# P0031 and P1148 codes



## darko454 (Sep 9, 2010)

Hello everyone
I have a 2010 altima coupe 4 cylinder with 134k miles on it.
I need help with these codes P0031 and P1148
I believe they have to do with oxygen sensors but not 100% sure.
Please help thanks


----------



## smj999smj (Jan 1, 2006)

You are correct. The P0031 code is for the heater circuit inside the upstream air/fuel ratio sensor (similar to an oxygen sensor, but a little more sophisticated). The P1148 code is for the closed loop control, which would be directly effected by the bad sensor. 99% of the time, it's the sensor that is the fault.
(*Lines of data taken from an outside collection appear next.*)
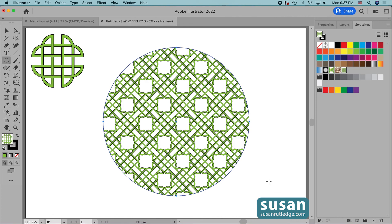Remember you can use this over-under effect with objects of any size or any shape — you just need to always start out with an even number of objects. I hope you've enjoyed this video and learned something about creating interlocking designs and turning them into swatches. Be sure to subscribe to my channel and check the notification bell so you don't miss any of my future tutorials. Thank you so much for watching — bye now!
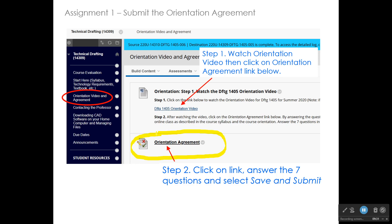After watching those videos, click on the link provided. It will take you to what appears to be a test, but it's just a group of questions such as 'I received the syllabus for DFTG 1405' — questions pertaining to the syllabus. I think there are seven questions. Answer each one and press the submit button. That automatically goes into my grade book and indicates that you have watched the orientation videos, received a copy of the syllabus, and understand how this class is going to work. That is assignment one.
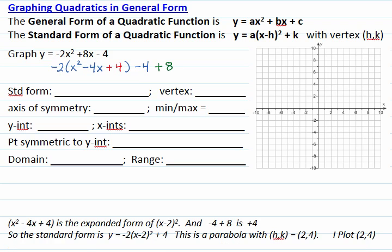The expression inside the parenthesis is the expanded form of the square x minus 2. So negative 2 is in the front, and negative 4 plus 8 is plus 4. The standard form of the quadratic is y equals negative 2 times (x minus 2) squared plus 4.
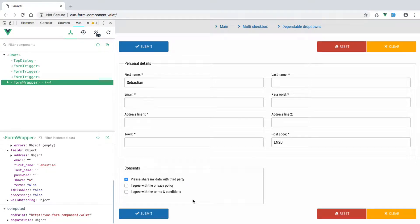In a previous video we created our checkbox component. In this video we're going to have a look at the problem we've encountered when we're actually adding and removing fields from this fields collection.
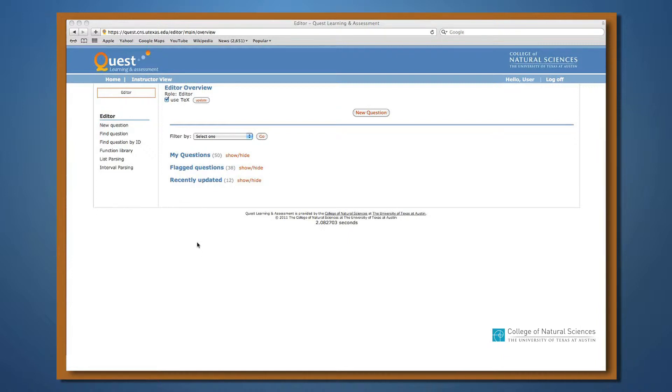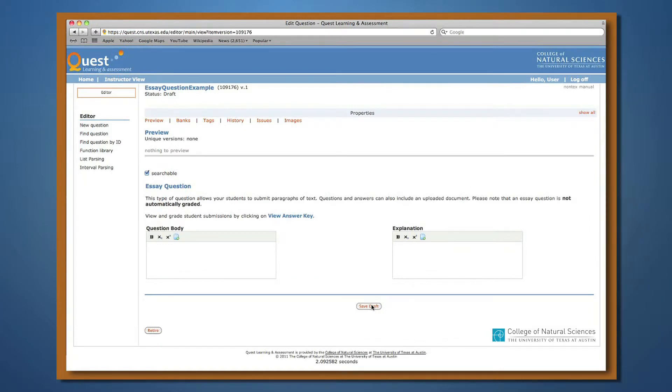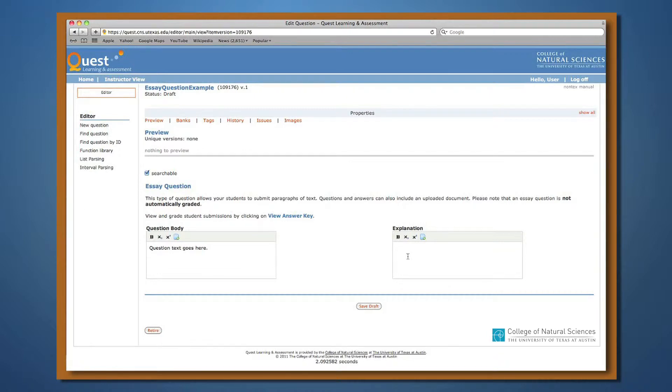To create an essay question, click on new question in the editor and choose essay. You'll see two boxes. You'll type the question in the box on the left and an explanation or a sample of a correct response in the box on the right.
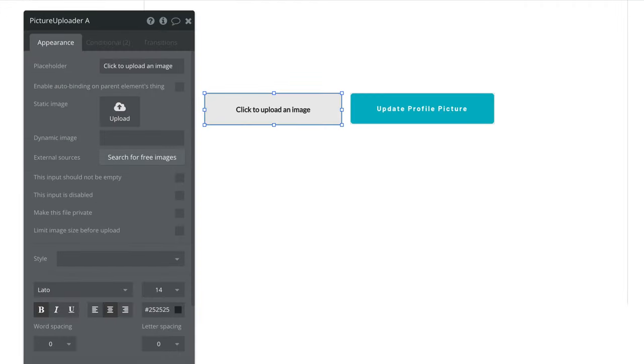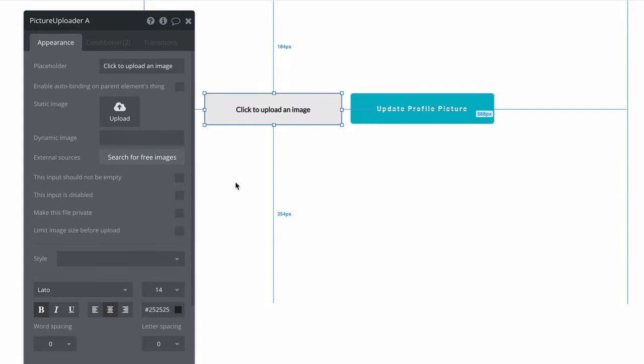Images that are uploaded through the picture uploader are public by default unless you attach them to a data type and a subsequent privacy rule.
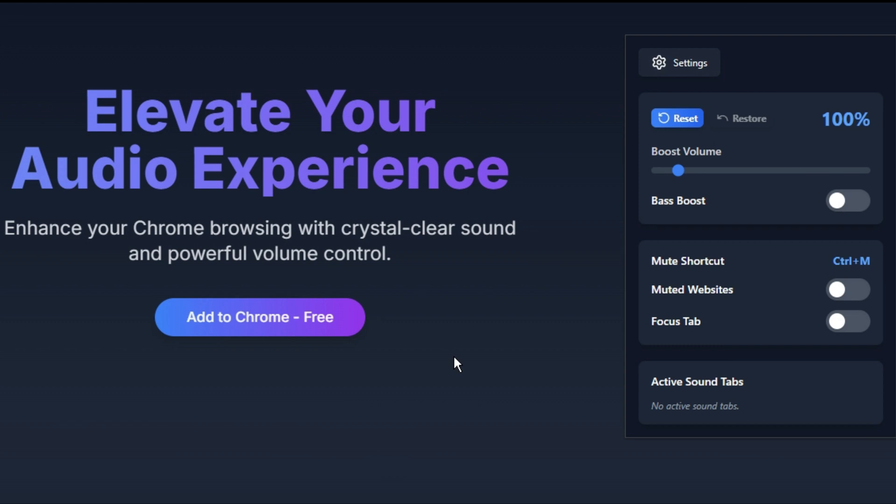Welcome to the Sound Booster Extension. In this tutorial, I'll walk you through each feature so you can get the best audio experience possible.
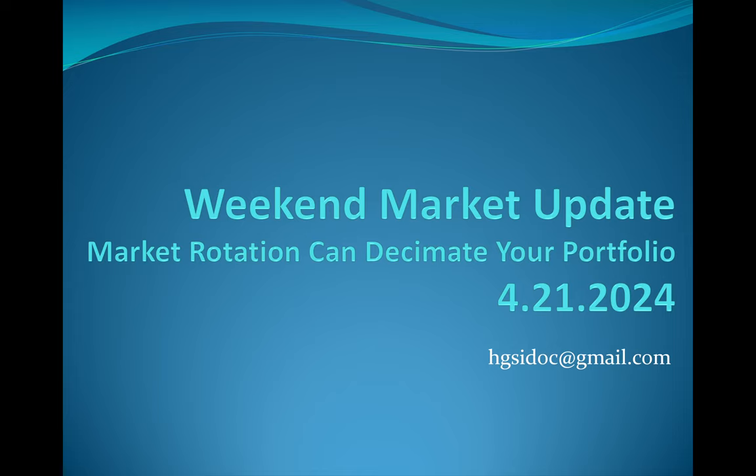Greetings, this is Dr. Jeffrey Scott and this is my weekend market update for the week ending Sunday, April 21st, 2024.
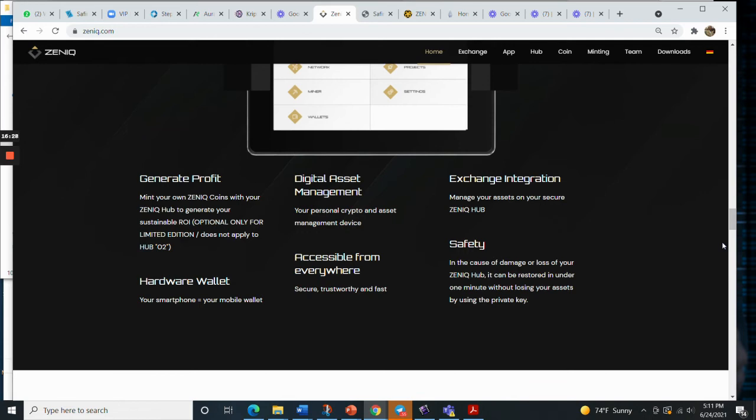Well, secure, trustworthy and fast. So it should be able to get a signal when you need it and to transact in a secure and trustworthy way.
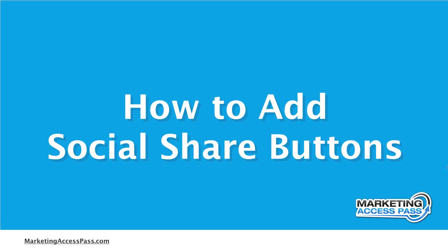In this video, I'm going to show you how to add social share buttons so you can get more traffic to your website. Let's check it out.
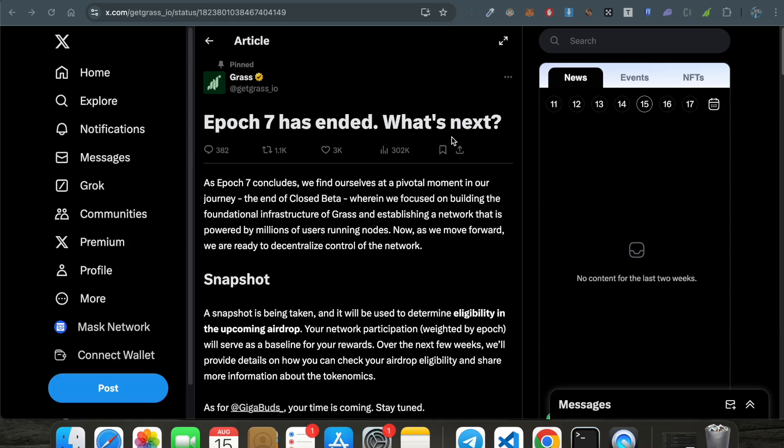Alright, so after a very long time we have a very big update from the Grass team that is related to the airdrop. If you are farming grass airdrop then this video is for you. If you have not yet subscribed to this YouTube channel, just hit the subscribe button because I usually post legit airdrops and market updates related to crypto. So if you are new here, just hit the subscribe button so that you can get quality content to your YouTube feed.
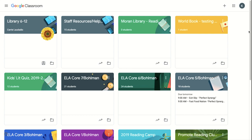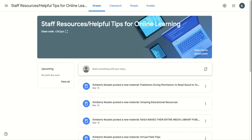Adding students to Google Classroom. The first thing you need to do is open the class to which you would like to add students. Click on the People tab at the top.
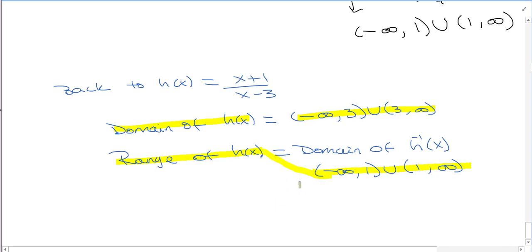In our next video, we're going to do the inverses of trig functions.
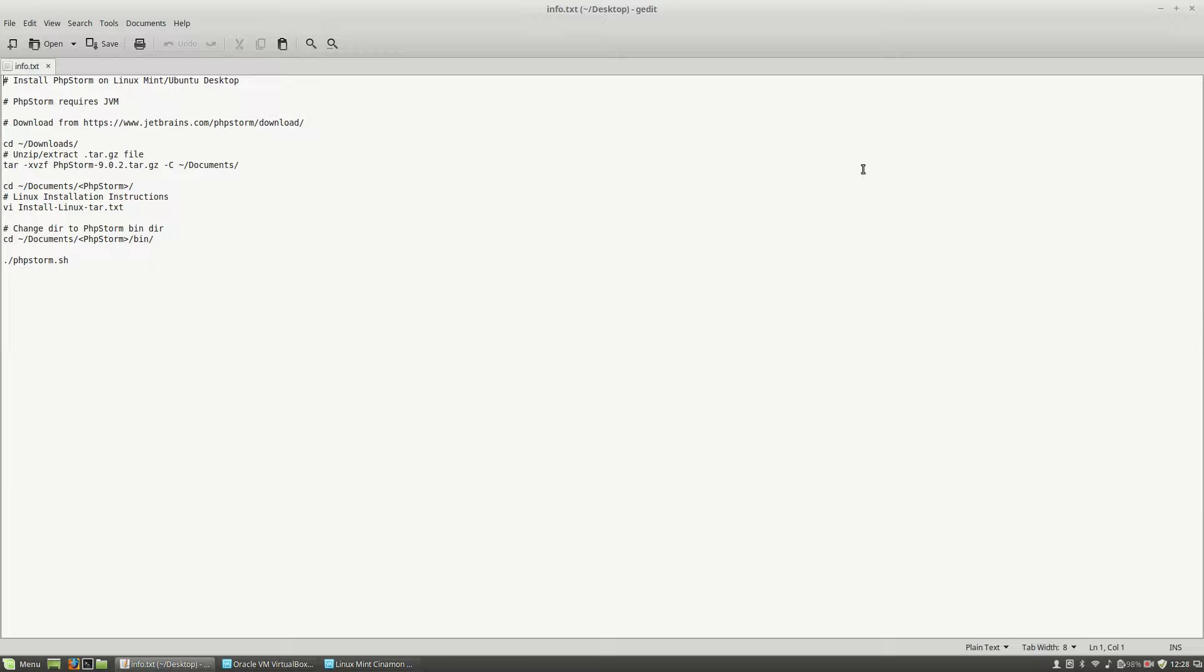Hello, I'm Liviu Balan and today I will show you how to install PHPStorm on a Linux Mint or Ubuntu desktop operating system. So, let's get started.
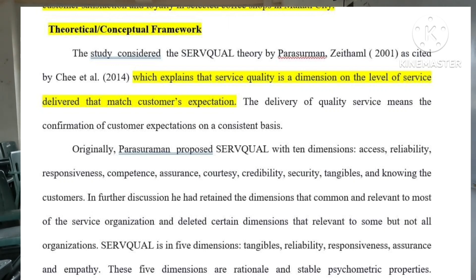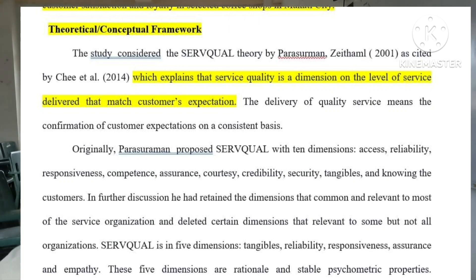Ang sabi dito, that service quality is a dimension on the level of service delivered that match customer's expectation. Yung mga dimensions nito: access, reliability, responsiveness, competence, assurance, courtesy, credibility, and security. Sinusukat ng lahat ng dimensions na yun yung katangian ng isang establishment na nagsaserve sa mga customer.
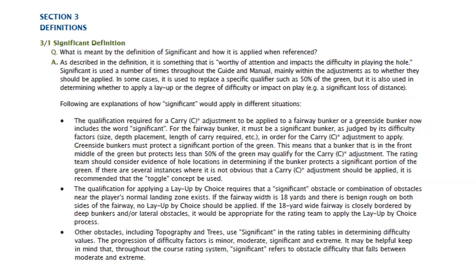From the course rating manual: the qualification required for a carry adjustment on a fairway bunker now includes the word 'significant' — it must be a significant bunker as judged by difficulty factors like size, depth, placement, and length of carry. For green side bunkers, they must protect a significant portion of the green. A bunker in the front middle protecting less than 50% of the green may qualify. The rating team should consider hole locations. The progression of difficulty is: minor, moderate, significant, extreme — so 'significant' refers to obstacle difficulty that falls between moderate and extreme.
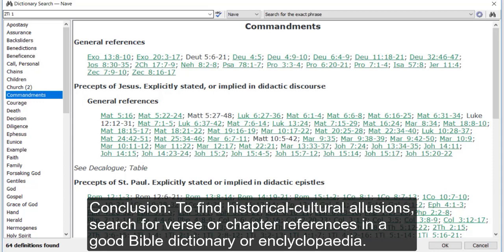I hope you found that helpful. So the recommendation to investigate historical and cultural allusions in a passage: Choose a good Bible dictionary or encyclopedia and search for references to your chapter or to a particular verse in your chapter and read some of the articles that pop up.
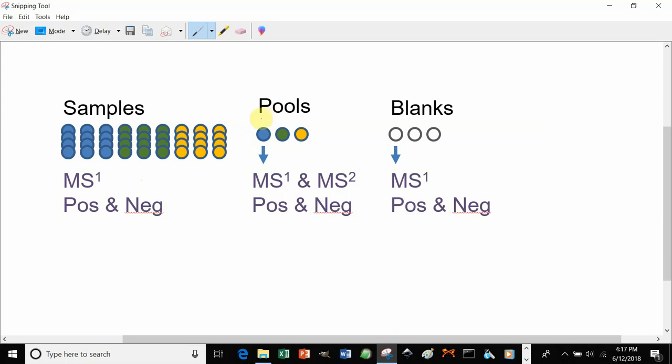In addition to your samples, if you can pool samples from each group and then run these pools in full scan and MSMS mode separately, as well as in positive and negative ion mode for both full scan and MSMS, this will allow LipidMatchFlow to append identifications to your samples.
My advice would be to go ahead and replace the upstream sensor, erase the code and clear the self-learning in the ECM. For the sensor, you will need to find out if the vehicle has Federal or California emissions certification, which will be listed on the sticker under the hood. Rockauto.com sells the sensor. I would recommend sticking with either NTK or Denso brand; Denso will be a little less expensive. 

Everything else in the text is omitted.